Transcribe the records verbatim, images excluded.

### INPUT

= = = = =

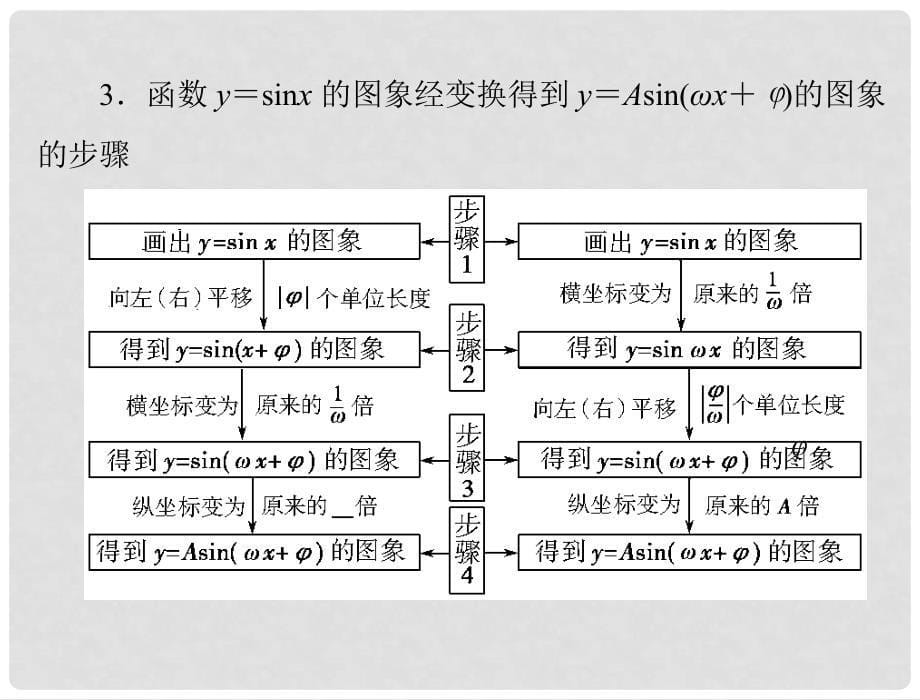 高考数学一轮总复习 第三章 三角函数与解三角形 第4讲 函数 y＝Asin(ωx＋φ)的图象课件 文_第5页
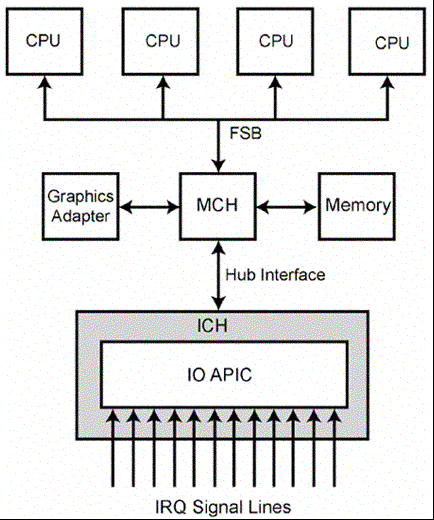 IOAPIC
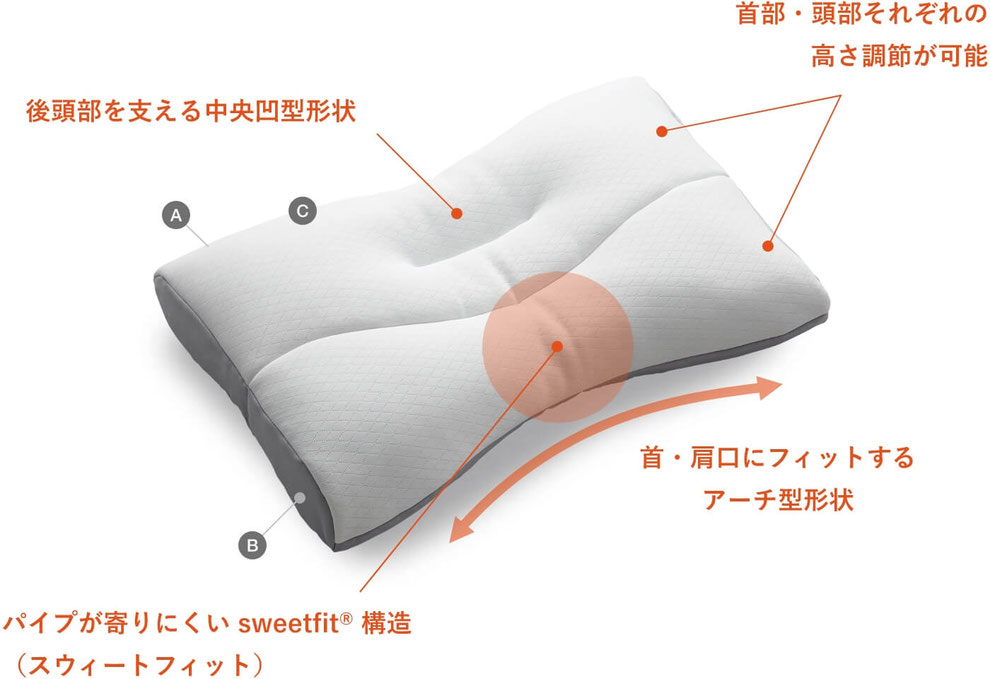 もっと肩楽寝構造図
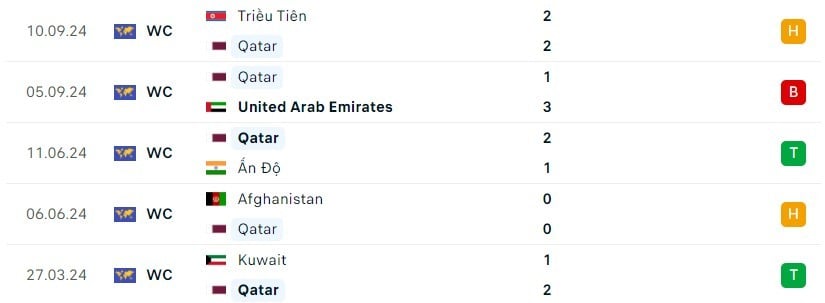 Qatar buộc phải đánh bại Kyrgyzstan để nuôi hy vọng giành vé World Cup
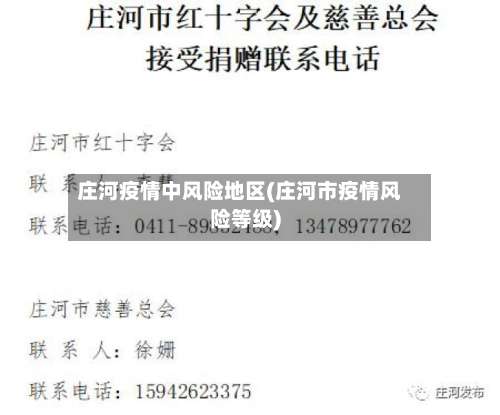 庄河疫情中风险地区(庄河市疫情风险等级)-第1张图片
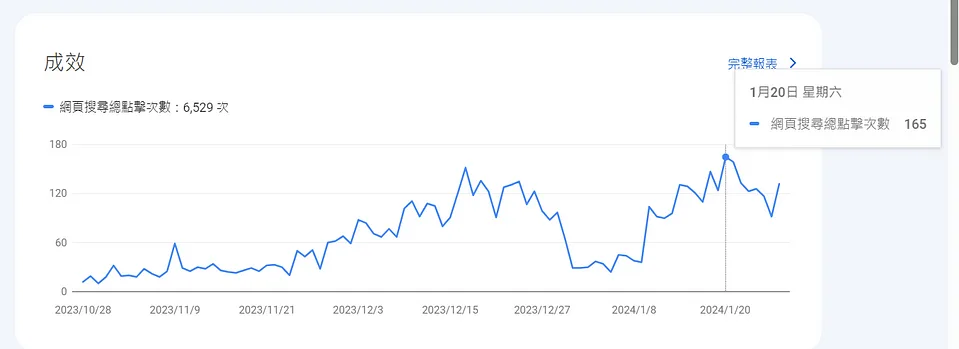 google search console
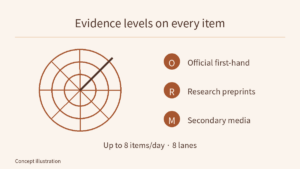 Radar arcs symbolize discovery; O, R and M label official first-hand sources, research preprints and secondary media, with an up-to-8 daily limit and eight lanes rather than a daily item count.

= = = = =

### ANSWER TO THIS EXERCISE
 高考数学一轮总复习 第三章 三角函数与解三角形 第4讲 函数 y＝Asin(ωx＋φ)的图象课件 文_第5页
 IOAPIC
 もっと肩楽寝構造図
 Qatar buộc phải đánh bại Kyrgyzstan để nuôi hy vọng giành vé World Cup
 庄河疫情中风险地区(庄河市疫情风险等级)-第1张图片
 google search console
 Radar arcs symbolize discovery; O, R and M label official first-hand sources, research preprints and secondary media, with an up-to-8 daily limit and eight lanes rather than a daily item count.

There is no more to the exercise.